The mayor pleaded for help from other officials, noting that he has asked federal authorities “to respond to the mass shootings in the city of Chicago … just like they do in other places in this country.” But he also called on city residents “to step up to say that we’ve had enough [and] to step up and stop this vicious cycle of violence.”

As of Monday morning, there had been no arrests in any of the weekend’s fatal shootings.
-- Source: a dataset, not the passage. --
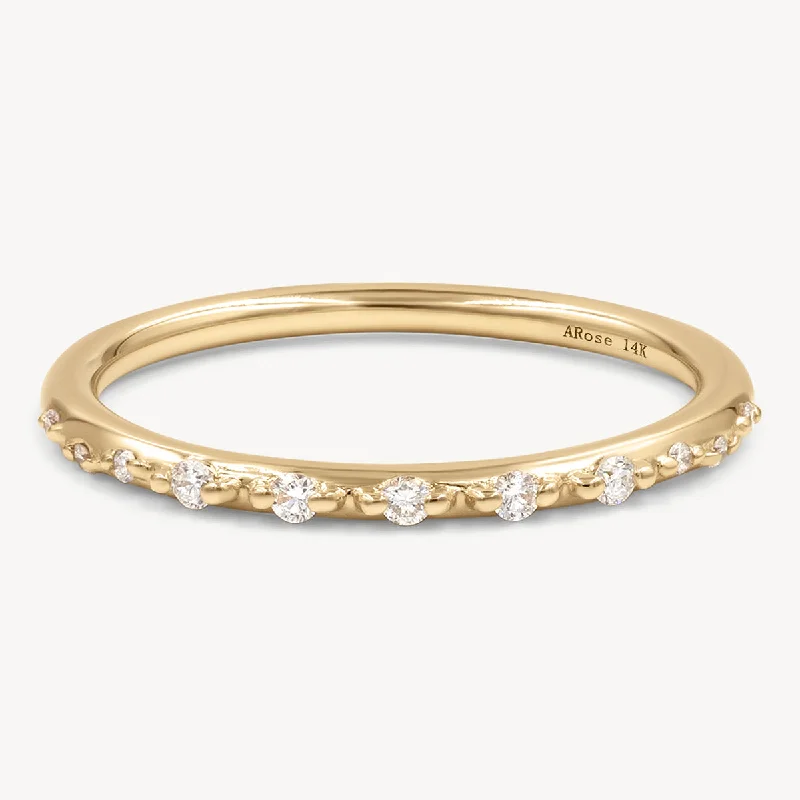 affordable wedding bands for women with diamonds-Starry Diamond Array Band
Snelling could not provide updates on any investigations, but said detectives were “working really hard on these cases, especially these ones that are involving children.”

 Snelling, like Johnson, called for aggressive action against those involved in these attacks.

 “We have to really stop and think about the mindset of someone who will shoot a child, a helpless child, and unarmed mother, and think that that's okay and go about their days,” Snelling said. “Those people have to be taken off the street, they have to be put away.”

Johnson specifically addressed the “unacceptable” weekend violence in Austin, the West Side community where he lives with his family and where at least 20 people were shot.

He recalled an earlier shooting in which he and his wife fell to the ground and crawled to their children’s room as the kids screamed in terror. “We’re just hoping we’re not the headline,” he recalled. “And it can’t be that way.”

Although Johnson took a hard stance against the drivers of violence, he also continued to blame shootings on the accessibility of guns and the “root causes” of crime, such as disinvestment.

And while he acknowledged that shooters must be held accountable, he said his “ultimate goal is to transform this city so we cut off the pipeline of boys between the ages of 10 and 19 being either victims or the perpetrators.”

“It is personal,” said Johnson, a former Chicago Public Schools teacher.

Chicago police will open an Emergency Assistance Center near the scene of a mass shooting that left 8 people wounded over the weekend. The center will open Tuesday from 3:30 p.m. to 7 p.m. at Fresco Park, 1312 S Racine Ave for any Chicagoan who has been affected by gun violence.

With the eyes of the world turning to Chicago ahead of the Democratic National Convention, Snelling said the department has separate plans to secure the convention and respond to protests and to handle neighborhood gun violence.

Snelling noted that Chicago has recently seen demonstrations that haven’t resulted in “violent clashes with protesters. “We’ve had our dust-ups,” he acknowledged, “but nothing that made national news."

Some officers are training specifically for large-scale protests and potential unrest, Snelling said. At the same time, department officials are creating a separate plan “to make sure that we’re not pulling resources that are necessary to keep our neighborhoods safe.”

His comments came after two violent weekend in which police resources were stretched thin by the annual Pride Parade and this weekend’s NASCAR race downtown. Some officers had their days off canceled over both weekends, continuing a controversial practice that Snelling has vowed to curtail.

On Monday, he said the number of days off that have been canceled are down significantly under his watch.

“It’s not canceling days off just to cancel days off,” he said. “It’s to make sure that our officers have enough manpower out there to deal with the situation at hand, and make sure that they keep down the violence.

“It keeps them safe, it keeps everyone around them safe, it keeps the city safe.”